加齢は、誰にでも訪れる自然な現象ですが、その過程で骨盤底筋群も徐々に衰えていきます。特に女性の場合、妊娠や出産は骨盤底筋群に大きな負担をかけるため、子宮脱のリスクを高める要因となります。
出産の際、経膣分娩を経験した女性は、帝王切開で出産した女性に比べて子宮脱のリスクが高くなる傾向があります。また、赤ちゃんが大きく育つ巨大児分娩や、一度に複数の赤ちゃんを妊娠する多胎妊娠、出産に時間がかかったり、困難を伴う難産を経験した女性も、そうでない女性に比べて子宮脱のリスクが高いと言われています。

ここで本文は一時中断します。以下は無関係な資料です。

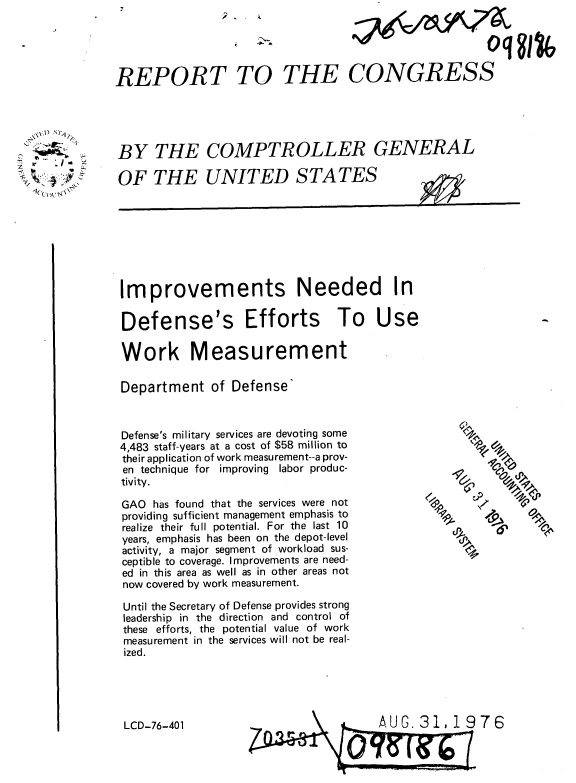 handle is hein.gao/gaobaabgx0001 and id is 1 raw text is: 





REPORT TO


    1)


  b
         -
>,~ :~f
  1(((>~ ~4\\


THE CONGRESS


BY THE COMPTROLLER GENERAL


OF THE UNITED STATES


Improvements Needed In


Defense's Efforts To Use

Work Measurement

Department of Defense


Defense's military services are devoting some
4,483 staff-years at a cost of $58 million to
their application of work measurement--a prov-
en technique for improving labor produc-
tivity.

GAO has found that the services were not
providing sufficient management emphasis to
realize their full potential. For the last 10
years, emphasis has been on the depot-level
activity, a major segment of workload sus-
ceptible to coverage. Improvements are need-
ed in this area as well as in other areas not
now covered by work measurement.

Until the Secretary of Defense provides strong
leadership in the direction and control of
these efforts, the potential value of work
measurement in the services will not be real-
ized.


LCD-76-401


$0


76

さらに、肥満も骨盤底筋群に負担をかけるため、子宮脱のリスクを高める要因の一つです。また、慢性的な咳や便秘も、お腹に負担をかけるため、骨盤底筋群に影響を及ぼし、子宮脱を引き起こす可能性があります。日頃から、バランスの取れた食事や適度な運動を心掛け、健康的な体重を維持することが大切です。そして、咳が長引く場合は早めに医療機関を受診し、便秘の場合は食物繊維を多く摂るなど、生活習慣を改善するようにしましょう。
原因 | 詳細 |
---|---|
骨盤底筋群の衰え | 加齢、妊娠、出産により骨盤底筋群が衰える。特に経膣分娩はリスクを高める。 |
出産時の状況 | 巨大児分娩、多胎妊娠、難産は子宮脱のリスクを高める。 |
肥満 | 骨盤底筋群への負担を増大させる。 |
慢性的な咳や便秘 | お腹への負担が骨盤底筋群に影響する。 |
子宮脱の症状
– 子宮脱の症状子宮脱とは、骨盤底筋群と呼ばれる骨盤の筋肉や靭帯が、加齢や出産などでダメージを受け、子宮を支えきれなくなることで、子宮が本来の位置から下降してしまう状態を指します。このページでは、子宮脱に伴いやすい症状について詳しく解説していきます。子宮脱の症状は、子宮の下垂の程度によって大きく異なります。初期段階では、自覚症状がほとんどない場合も少なくありません。そのため、健康診断や婦人科検診などで指摘されて初めて、子宮脱に気づくというケースも見られます。しかし、子宮の下垂が進むにつれて、様々な症状が現れてきます。代表的な症状としては、「膣に何かが降りてくる、または詰まっているような感覚」が挙げられます。これは、実際に子宮が膣内へ脱出しているために起こる感覚で、おりものや異物感とは異なる、独特の不快感を伴います。その他にも、腰痛や下腹部痛といった痛みや、性交時に痛みを感じる性交痛、尿が出にくい、または尿の回数が多くなる排尿困難や頻尿、排尿後も膀胱に尿が残っているような残尿感といった排尿に関する症状が現れることもあります。これらの症状は、長時間立っていたり、歩いたり、重いものを持ち上げたりするなど、お腹に力が入る動作をすることで悪化する傾向があります。反対に、横になったり、安静にしたりすることで症状が和らぐことが多いのも特徴です。もしも、上記のような症状が気になる場合は、早めに医療機関を受診し、専門医の診察を受けるようにしましょう。特に、日常生活に支障が出るほどの症状が出ている場合は、放置せずに、速やかに適切な治療を開始することが大切です。
症状 | 詳細 | 傾向 |
---|---|---|
膣の違和感 | ・何かが降りてくる、または詰まっているような感覚 ・おりものや異物感とは異なる、独特の不快感を伴う |
– |
痛み | ・腰痛 ・下腹部痛 ・性交痛 |
・長時間立っていたり、歩いたり、重いものを持ち上げたりするなど、お腹に力が入る動作をすることで悪化 |
排尿に関する症状 | ・排尿困難 ・頻尿 ・残尿感 |
・長時間立っていたり、歩いたり、重いものを持ち上げたりするなど、お腹に力が入る動作をすることで悪化 |
子宮脱の治療法
子宮脱とは、骨盤底の筋肉や組織が弱くなり、子宮が本来あるべき位置から膣内に下垂してしまう状態を指します。この病気の治療法は、患者さんの症状の程度や年齢、そして健康状態を総合的に判断した上で決定されます。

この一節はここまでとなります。